Macintosh icons consist of a grid 30 pixels by 30 pixels -- 900 dots in all. "I pay attention to every dot," Kare said. "If you like needlepoint, you'll love bit-editing." Kare works almost entirely on a computer, shunning traditional artist's tools for their electronic successors. "Anything that's bound for the screen, I do on the screen," she said.
Although computer iconography may be a new specialty, Kare traces its lineage to ancient roots. "There are ways people have expressed themselves in the past that are analogous," she said. The tile mosaics of the Romans can be thought of as an early form of bit-mapped graphics, said Kare, who holds a doctorate in art history. Similar techniques appear in medieval weavings and tapestries.
When Steve Jobs left Apple and formed Next Inc., Kare soon followed as creative director, responsible for establishing graphic standards and a corporate identity for the new firm. To create the Next logo and related graphic materials, the company hired one of her professional idols, the legendary Paul Rand.
Perhaps the country's most influential graphic designer, Rand had created such enduring symbols as the IBM logo and those of Westinghouse Corp., American Broadcasting Co. and United Parcel Service. ''His work is clear and memorable," she said, choosing her terse description as carefully as she crafts an icon.
Two years ago, Kare left Next to establish her own business focused entirely on design of graphic interfaces. The computer industry's steady march toward better graphics has provided her an abundance of work. ''I didn't have to sit around waiting for the phone to ring," Kare said. Many of her assignments have come from the large network of Apple alumni who have moved on to new ventures. "A lot of my friends are ensconced in other companies needing interfaces," she said.
Kare's work falls into two categories.
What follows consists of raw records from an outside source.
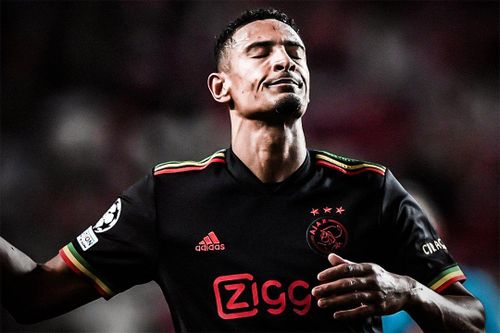 Tiền đạo Ajax ghi bàn sau khi phản lưới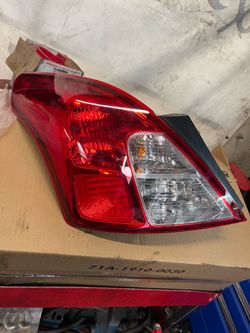2012-19 Nissan Versa Tail Lights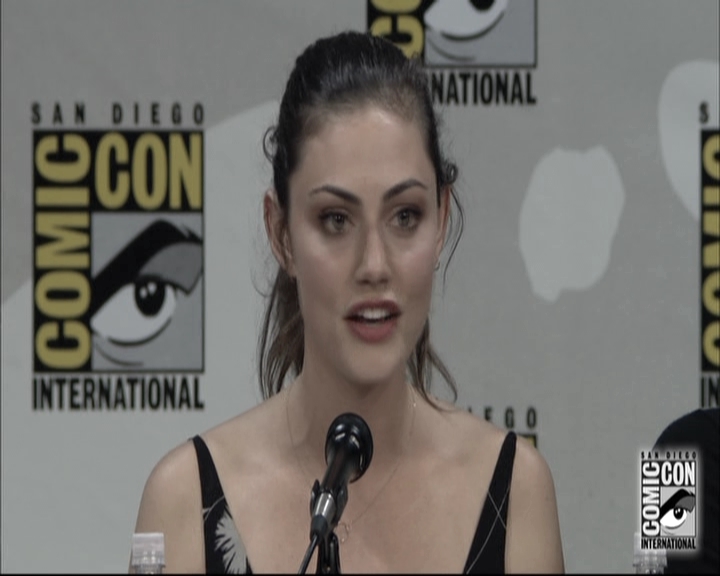 VampireDiariesWorld-dot-nl_TheOriginals-S3SanDiegoComicCon2014Panel1470.jpg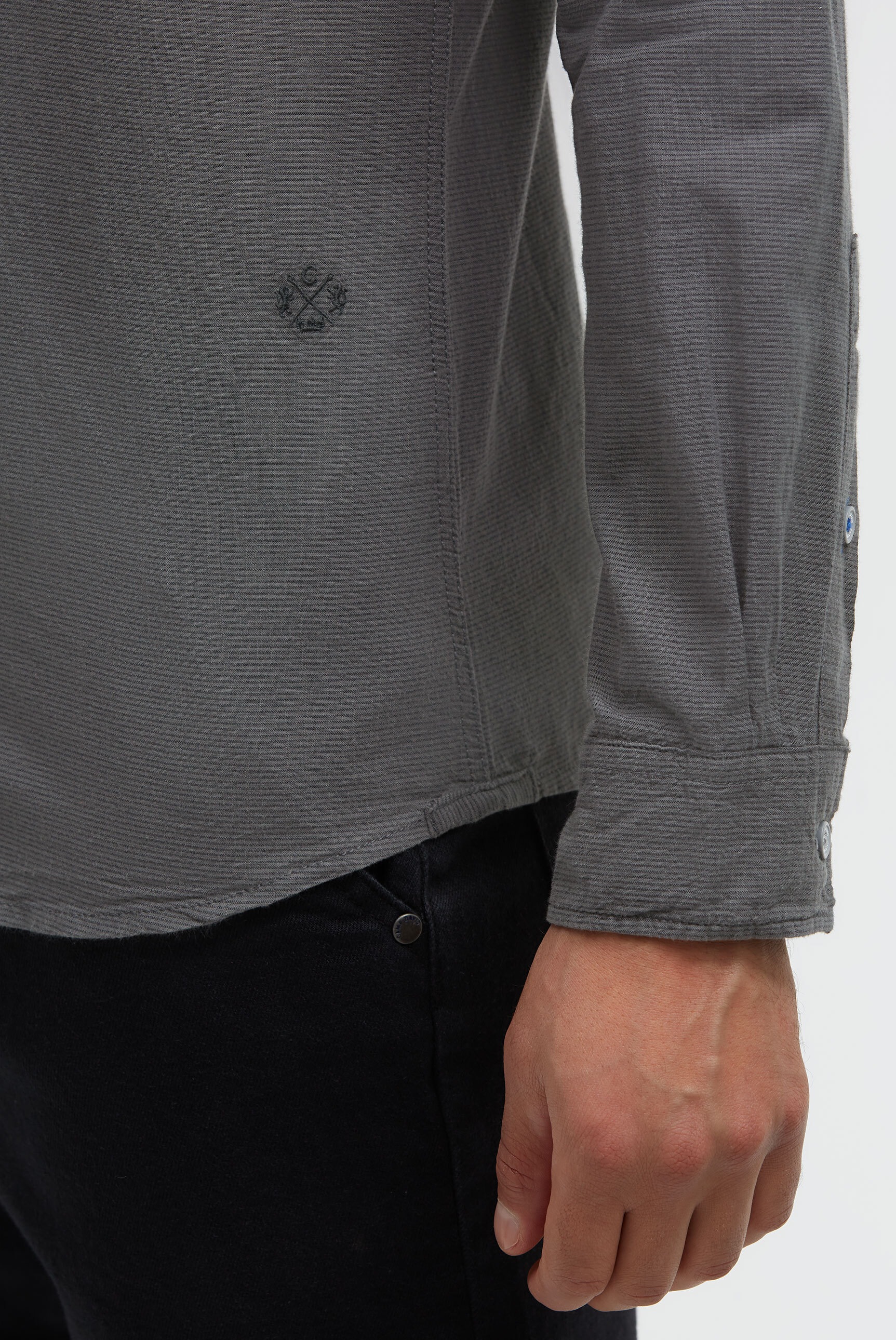 CMPD Langarmhemd mit filigranem Streifenmuster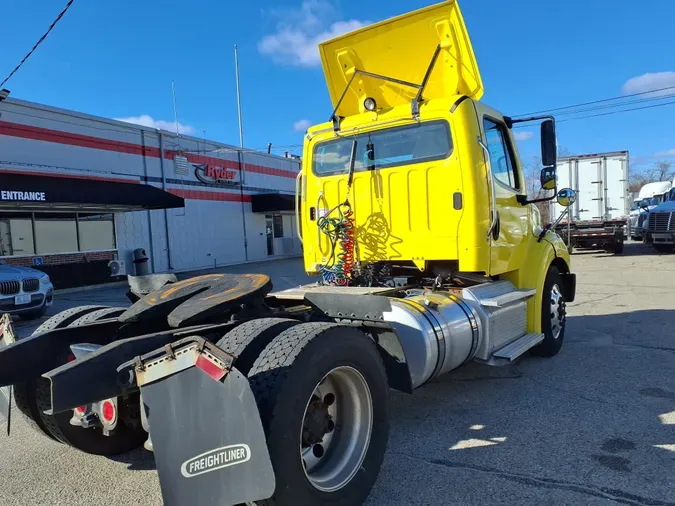 2019 FREIGHTLINER/MERCEDES M2-112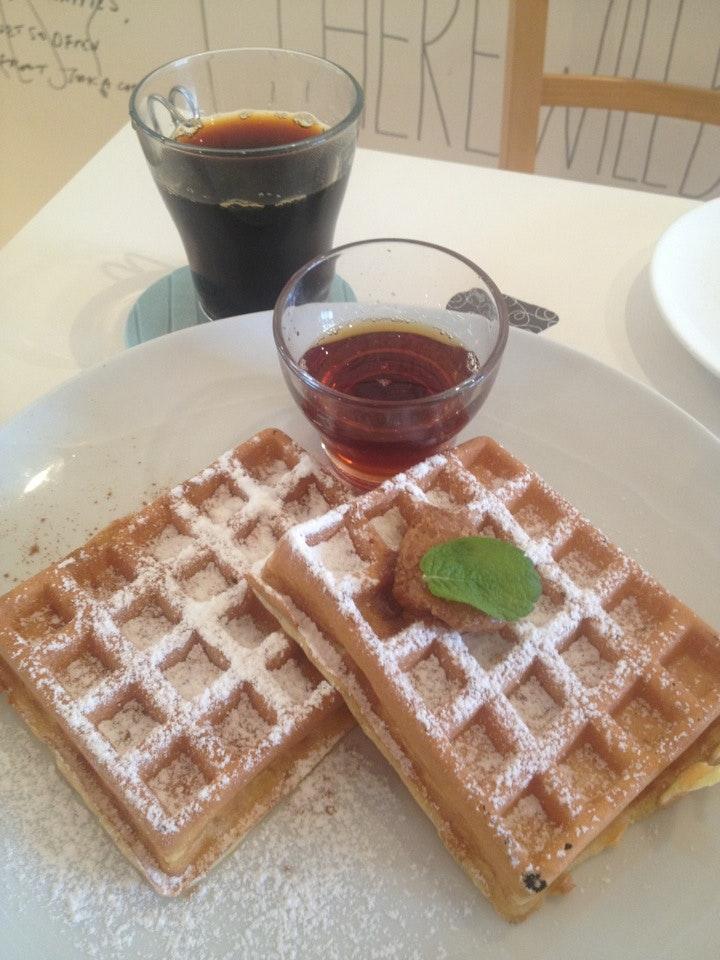 Waffle Cafe LU-CA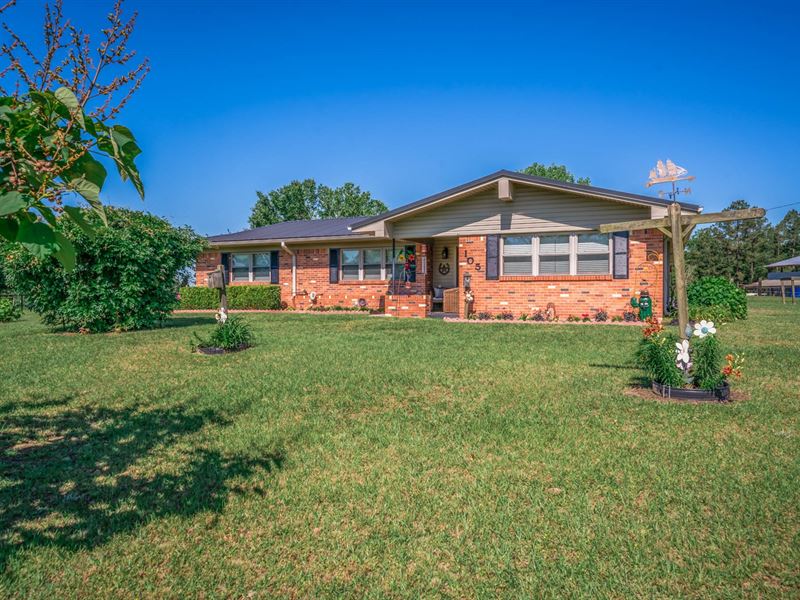 East Texas Home for Sale : Linden : Cass County : Texas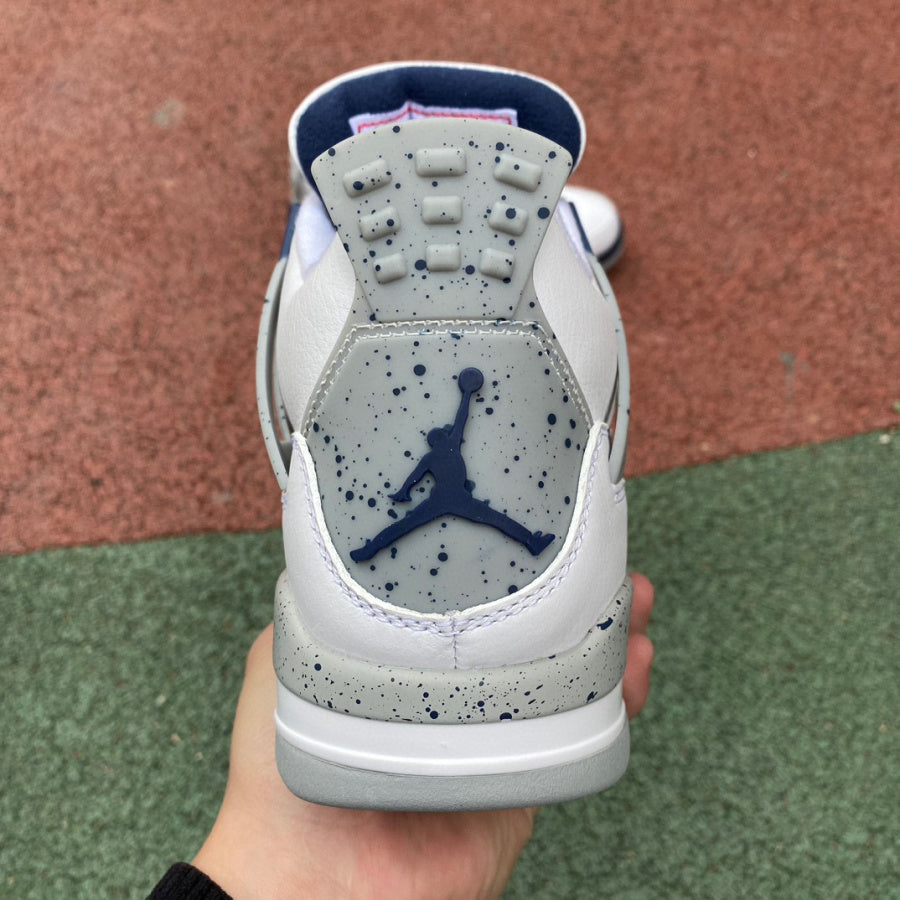 Air Jordan 4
Software companies with existing products often turn to her to improve the appearance of their programs. These clients "want cosmetics," she said. The other type of customer brings Kare into a project at an earlier stage, when particulars of a proposed product are under discussion.
The growing demand for graphic user interfaces has forced Kare to turn down work. She has rejected potential clients in part because she refuses to hire people to share the work load. "I do every job myself because I think of it as an art," she said. If there is a secret to her work, it is simplicity, restraint and common sense. Adding too many details to an icon renders the result less legible on a computer screen. But using too few details obscures the meaning of the icon.
These days, Kare must pay attention to legal considerations as well. Apple is suing Microsoft and Hewlett-Packard Co. for copyright infringement, charging in part that aspects of their graphic interfaces are too similar to features of the Macintosh software.
Kare said that most of what she does is "optimizing for things that look good on the screen." The soundness of Kare's approach is evident in the widespread adoption of her work and the emulation of her graphic techniques in software designed by others. ''It's really gratifying to go to a (computer) show and really see a lot of these applications," she said.